Small wonder then, that writers are acutely conscious of their bodies when they write and keenly attuned and sensitive to the physical channels through which their words make their way to paper or screen. I’ve written here about my writing experiences with a fountain pen on paper; the modern counterparts of that implement, the word processor, the computer monitor, the keyboard, are just as deserving of attention.

One way to hint at my sensitivity to the physical dimension of writing on a computer is to note that a central reason why I will never buy a Mac is because I do not like its machines’–whether desktop or laptop–keyboards. Their keys do not afford my fingers the right kind of tactile response; they do not provide me the feedback that I subconsciously seek when I press down on them. I have had favorites in the past: the AT&T 4425 and IBM 3270 terminals were perhaps the  most deeply satisfying in terms of their immediate responsiveness, in their ‘give’ and in how they seemed to facilitate the rapid movement of my fingers over them. (I’m not a trained touch typist but over the years my fingers have, to some extent, internalized the locations of letter on keyboards and now move with some facility over them.)

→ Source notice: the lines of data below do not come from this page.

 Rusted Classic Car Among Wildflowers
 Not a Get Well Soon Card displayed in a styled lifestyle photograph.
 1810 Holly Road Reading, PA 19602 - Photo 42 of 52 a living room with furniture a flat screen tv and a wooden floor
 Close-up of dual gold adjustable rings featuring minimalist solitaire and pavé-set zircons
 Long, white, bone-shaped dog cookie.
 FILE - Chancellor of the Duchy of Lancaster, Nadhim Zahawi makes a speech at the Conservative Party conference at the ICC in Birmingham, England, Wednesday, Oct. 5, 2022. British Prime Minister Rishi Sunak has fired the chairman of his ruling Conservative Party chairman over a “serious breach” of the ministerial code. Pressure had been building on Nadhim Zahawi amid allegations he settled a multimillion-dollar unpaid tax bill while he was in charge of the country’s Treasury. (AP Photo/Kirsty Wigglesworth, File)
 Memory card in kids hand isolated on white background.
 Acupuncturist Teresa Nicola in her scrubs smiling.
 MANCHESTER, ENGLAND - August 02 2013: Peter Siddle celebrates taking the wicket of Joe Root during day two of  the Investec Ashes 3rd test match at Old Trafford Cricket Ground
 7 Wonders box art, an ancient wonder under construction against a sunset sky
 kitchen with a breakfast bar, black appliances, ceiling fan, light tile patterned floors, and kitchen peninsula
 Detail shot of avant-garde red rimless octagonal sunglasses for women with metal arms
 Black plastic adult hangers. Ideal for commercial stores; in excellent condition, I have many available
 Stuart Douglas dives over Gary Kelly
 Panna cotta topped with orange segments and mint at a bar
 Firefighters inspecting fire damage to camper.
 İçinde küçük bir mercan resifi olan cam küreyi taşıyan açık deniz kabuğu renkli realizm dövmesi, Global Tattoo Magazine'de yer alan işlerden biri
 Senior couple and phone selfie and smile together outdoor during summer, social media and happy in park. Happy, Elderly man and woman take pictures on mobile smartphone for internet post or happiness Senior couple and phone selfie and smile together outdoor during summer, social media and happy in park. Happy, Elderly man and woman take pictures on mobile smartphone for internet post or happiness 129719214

These preferences mean that I very quickly disdain, or approve of, particular writing spaces or implements because of how they generate both a physical and mental space for writing. The ergonomic comfort of a chair and desk are obviously factors, but just as important is an ineffable sense of connectedness–in the right sort of way–to my writing machine and through it, to the visible word that is the result of my writing. Thus, because I do not like writing on laptop keyboards, and will only do so when absolutely forced to do so, I have hardly ever written in coffee-shops or on the  move. For better or worse, I’m desk-bound. (In the post just linked to, I noted this same physical aspect of writing.)

This physical dimension of writing is important for the writing process in the simplest of ways: to start writing, you must place your hands on the media through which you write. Put pen to paper or put fingers to keyboard.

Once contact is made, the game can begin.